Some believe that TIPPB with advanced biplane-transrectal
ultrasonography, perineal guidance systems, treatment planning
computers, and postimplant CT scanning has enhanced our ability to
perform an “adequate” implant. As such, permanent
brachytherapy yields associated biochemical control rates that are
comparable to those of radical prostatectomy or high-dose
three-dimensional external-beam irradiation in appropriately selected
patients. However, an American Brachytherapy Society review of the
practices of physicians who perform prostate brachytherapy uncovered
tremendous variation in indications, technique, treatment regimens,
and dosimetry.[4]

The main areas of controversy include the selection of patients for
monotherapy or combined therapy with external-beam irradiation, the
role of neoadjuvant androgen deprivation, the selection of 125I
or 103Pd, the type of preimplant planning and technique,
and the type and timing of postimplant dosimetry.

Despite these controversies, several published studies have assessed
outcomes following TIPPB at institutions reporting biochemical
control rates (Table 1). According
to these studies, 4- to 10-year biochemical control rates range from
63% to 92%.[1,2,18-26] Because of differences among the studies with
respect to patient characteristics, median follow-up, and the methods
of defining outcomes, a meta-analysis of these data cannot be performed.
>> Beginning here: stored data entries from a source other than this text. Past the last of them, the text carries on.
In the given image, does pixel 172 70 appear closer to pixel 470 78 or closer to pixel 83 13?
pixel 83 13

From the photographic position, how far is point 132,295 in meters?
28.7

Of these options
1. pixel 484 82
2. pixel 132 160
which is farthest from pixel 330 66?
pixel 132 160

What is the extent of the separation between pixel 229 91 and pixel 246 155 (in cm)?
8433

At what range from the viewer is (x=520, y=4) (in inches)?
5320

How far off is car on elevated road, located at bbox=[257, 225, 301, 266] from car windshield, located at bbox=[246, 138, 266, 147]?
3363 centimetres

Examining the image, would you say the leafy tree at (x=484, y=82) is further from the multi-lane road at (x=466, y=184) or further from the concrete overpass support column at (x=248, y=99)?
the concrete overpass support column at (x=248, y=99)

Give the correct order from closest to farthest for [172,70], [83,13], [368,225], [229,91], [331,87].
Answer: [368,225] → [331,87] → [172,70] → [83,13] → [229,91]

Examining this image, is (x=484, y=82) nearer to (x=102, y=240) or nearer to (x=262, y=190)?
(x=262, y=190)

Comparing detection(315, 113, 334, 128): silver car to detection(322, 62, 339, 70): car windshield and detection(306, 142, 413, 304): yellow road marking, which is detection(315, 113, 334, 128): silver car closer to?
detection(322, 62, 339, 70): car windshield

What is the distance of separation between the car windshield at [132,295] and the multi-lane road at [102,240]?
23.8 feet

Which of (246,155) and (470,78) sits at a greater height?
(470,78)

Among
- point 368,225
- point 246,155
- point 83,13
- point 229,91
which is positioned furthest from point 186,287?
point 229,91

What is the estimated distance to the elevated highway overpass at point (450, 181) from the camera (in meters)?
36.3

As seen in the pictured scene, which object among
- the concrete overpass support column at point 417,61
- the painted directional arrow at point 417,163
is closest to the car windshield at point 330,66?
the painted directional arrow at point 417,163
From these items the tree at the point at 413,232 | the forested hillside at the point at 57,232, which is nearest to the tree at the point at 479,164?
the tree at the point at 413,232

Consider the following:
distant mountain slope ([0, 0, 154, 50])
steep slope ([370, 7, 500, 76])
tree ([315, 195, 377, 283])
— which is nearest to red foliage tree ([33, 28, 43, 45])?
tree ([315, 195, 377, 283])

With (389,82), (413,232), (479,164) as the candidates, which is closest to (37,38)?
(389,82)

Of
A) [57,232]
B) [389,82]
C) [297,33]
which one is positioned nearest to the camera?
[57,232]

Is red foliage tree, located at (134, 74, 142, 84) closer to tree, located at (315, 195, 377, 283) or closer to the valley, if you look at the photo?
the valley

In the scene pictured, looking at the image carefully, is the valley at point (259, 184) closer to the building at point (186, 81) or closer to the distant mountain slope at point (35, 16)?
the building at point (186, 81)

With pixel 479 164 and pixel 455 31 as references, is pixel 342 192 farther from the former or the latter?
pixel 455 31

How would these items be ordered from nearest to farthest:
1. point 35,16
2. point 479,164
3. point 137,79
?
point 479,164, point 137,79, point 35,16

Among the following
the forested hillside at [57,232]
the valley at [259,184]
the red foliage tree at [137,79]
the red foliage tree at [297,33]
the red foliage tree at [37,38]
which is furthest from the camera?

Potters et al reported risk-profile outcomes of a cohort of 717
patients treated with TIPPB. Patients were grouped based on a
pretreatment PSA £ 10 ng/mL and
Gleason score £ 6.[22] Patients who
met both criteria were classified as a favorable-risk group (N = 303)
and had a 93% 5-year PSA relapse-free survival rate (ASTRO
definition[6]; see Figure 1).
Individuals who fulfilled one criterion were considered at
intermediate risk (N = 268), with a 5-year PSA relapse-free survival
of 77%. Those who did not satisfy either criterion were classified as
unfavorable risk (N = 146) and had a 62% 5-year PSA relapse-free
survival rate.

Using identical risk definitions and a modification of the ASTRO
definition of PSA relapse-free survival (two consecutive rises),
Blasko et al reported outcomes in 230 patients treated with 103Pd
monotherapy.[1] Favorable-risk patients had a 94% 5-year PSA
relapse-free survival rate, while the intermediate- and
unfavorable-risk patients had PSA relapse-free survival rates of 82%
and 65%, respectively (P = .04; see Table
2
).

Prestidge et al have reported that biochemical control rates
correlate with postbrachytherapy biopsy rates. Their data indicate a
close correlation between PSA control and biopsy results, with 80% of
biopsied patients having a negative result.[27] However, the
significance of a negative or positive postimplant biopsy result
remains controversial.

Currently, a multi-institutional trial is underway, with strict
reporting methodology, to assess TIPPB in early-stage prostate
cancer. In addition, the Radiation Therapy Oncology Group (RTOG) is
conducting a feasibility trial of this modality, also with strict
quality control parameters. Until prospective data become available,
variations in treatment techniques for TIPPB will appear in the literature.